また朝になった。彼女が待ち遠しい。
昨日彼女が生けてくれたガーベラを眺める。花瓶の置かれた小さな机は壁の近くに置かれていて、窓はない。この部屋は四方がすべて白い壁で覆われている。
病室にしては非常に珍しいと、常々思う。もしかしたら私はアルビノなのかもしれない。日光を浴びることによって皮膚がんや視覚障害が引き起こされるから、私のいるこの病室は窓がないのだと推理した。体がベッドに横たわったまま拘束されているので、正解を確認するすべを持たないのだが。
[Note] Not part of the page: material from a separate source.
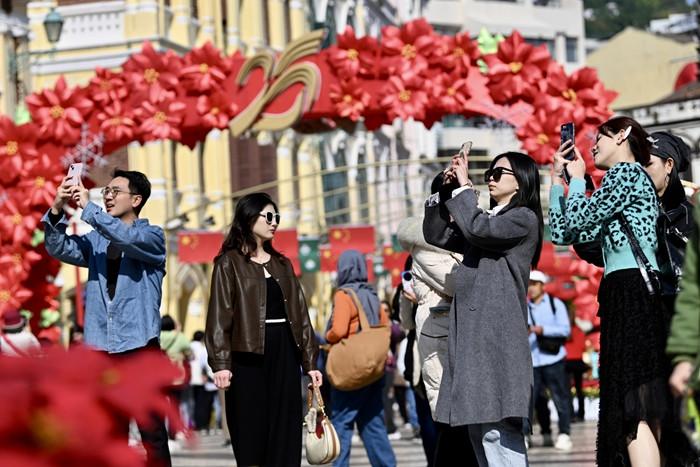 澳門(mén)回歸祖國25周年紀念日 市面洋溢喜慶氛圍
そんなことを考えていると、コツコツと靴音が近づいて来る音がした。彼女が来た。
「おはよう、ツクモ」
おはよう。今日はなんだか、少しうれしそうだ。
「私、ハムスターを飼い始めたの」
彼女は笑顔で言った。
私はハムスターを好きではないので、ああ。あのネズミの一種か、と思った。
大体何であいつらは、ネズミに毛が生えた分際のくせにあんなに人間様に可愛がられているのだ。遺伝子的には、歓楽街でゴミを漁る小汚いネズミとほぼ同じだぞ。
「ほら見て!かわいいでしょう」
とスマートフォンの写真を見せつけてきた。やめろ! 媚びを売るように両手でヒマワリの種なんぞ食いやがって!
ディスイズ マウスのくせに! 首だけは動かせるので、首を右か左に動かしてネズミ野郎を見ないようにしようかと思ったが、彼女の笑顔があまりにも美しいので我慢した。
彼女は終始、楽しそうに飼い始めたハムスターの話をしていた。